Although native biological carriers have versatile advantages, utilizing them for drug delivery may not preserve the same in vivo properties. Chemical conjugation may affect the carrier's intrinsic physiochemical properties and non-covalent interaction of the carrier and its payloads may be not stable in vivo. For example, drug conjugation to the 34-Cys of albumin changes its endocytosis mechanism²³. Furthermore, the circulating half-lives of most biological carrier-based therapeutics are extended as compared to free drugs, but significantly shorter than the native biomacromolecules. There are still many challenges related to production, quality control, storage, safety and selectivity of natural protein- and polysaccharide-based drug carriers. Oral drug delivery of large-protein based drugs may have poor stability due to proteolysis and poor absorption leading to low bioavailability. Researchers have adopted encapsulation methods, cross-linkers and protease inhibitors to enhance the stability of protein-based carriers while using targeting ligands and permeability enhancers to promote drug absorption. Although there are many preclinical studies of HA-based carriers in drug delivery and tissue engineering, very few HA-based drug delivery systems have entered into clinical trials. In addition, conflicting results have been reported probably because that the effect of molecular weight (MW) on HA functions in vivo was rarely evaluated in many studies related to HA¹⁸⁵. It is reported that MW is also related to the immune-response of HA and HA with low MW seems to be immunogenic while HA at high MW does not induce immune response¹⁸⁵. On the other hand, it is known that HA containing 10–100 disaccharide units could promote tumor growth, whereas HA containing more than 100 units might inhibit tumor growth¹⁸⁶. And similar to albumin, chemical modification of HA may also influence the receptor-mediated uptake by cancer cells¹⁵¹. As a result, the properties and functions of HA still need to be fully clarified.

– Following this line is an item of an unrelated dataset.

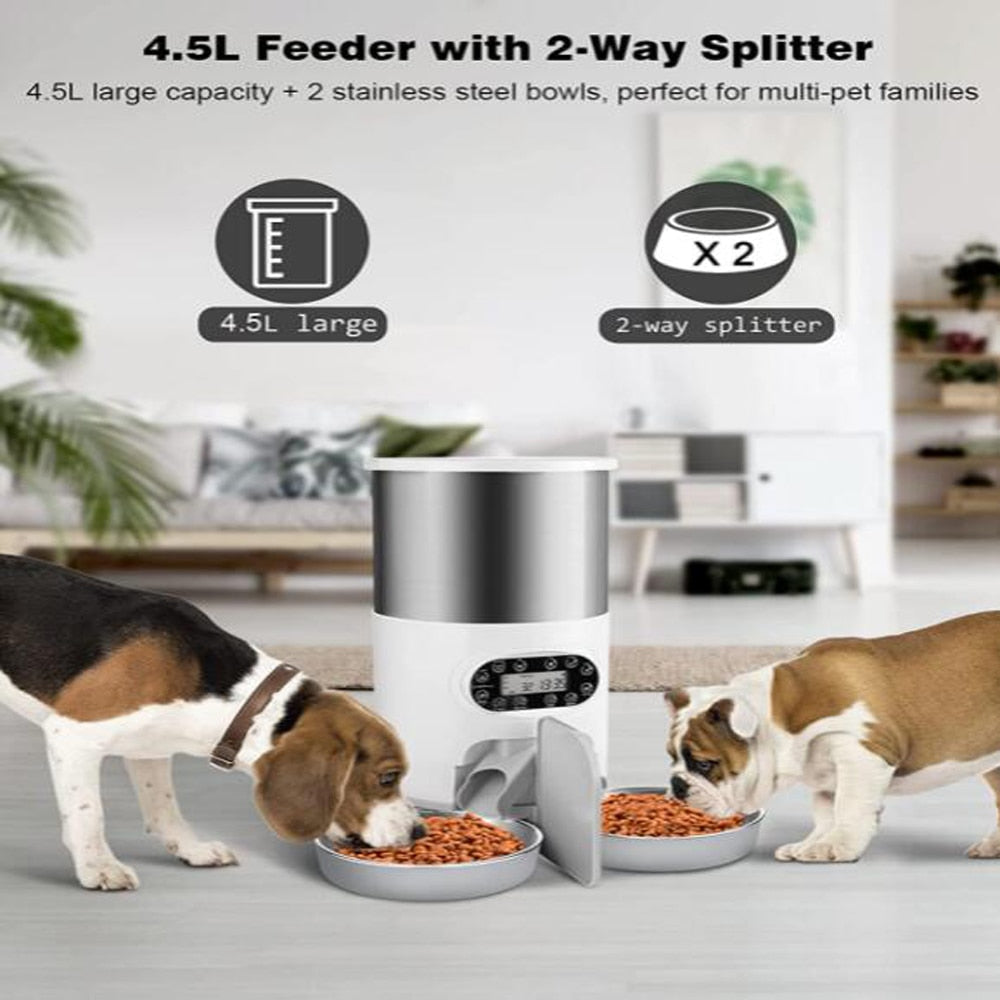 WIFI Automatic Dog Food Dispenser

Therefore, future research should be aimed at developing therapies that can utilize the advantages of biological carrier in full measure to gain best results. Selective tissue distribution, cell type-specific targeting of the biomacromolecule-based carriers should be explored and technologies that permit the easy production and good quality of the protein- and polysaccharide- carriers should be developed¹⁸⁷.

Up to now, only several biological carrier-based therapeutics have been approved for clinical use. Thus more effort should be made to accelerate the translation of research findings from laboratory to clinic，which requires close cooperation of pharmacists，materials scientists and clinical doctors. Biological carrier systems that can be administrated in multiple routes should be designed, which is intended to meet the clinical demand and ensure patient compliance. In summary，there is a promising future for the clinical application of natural biological drug carriers.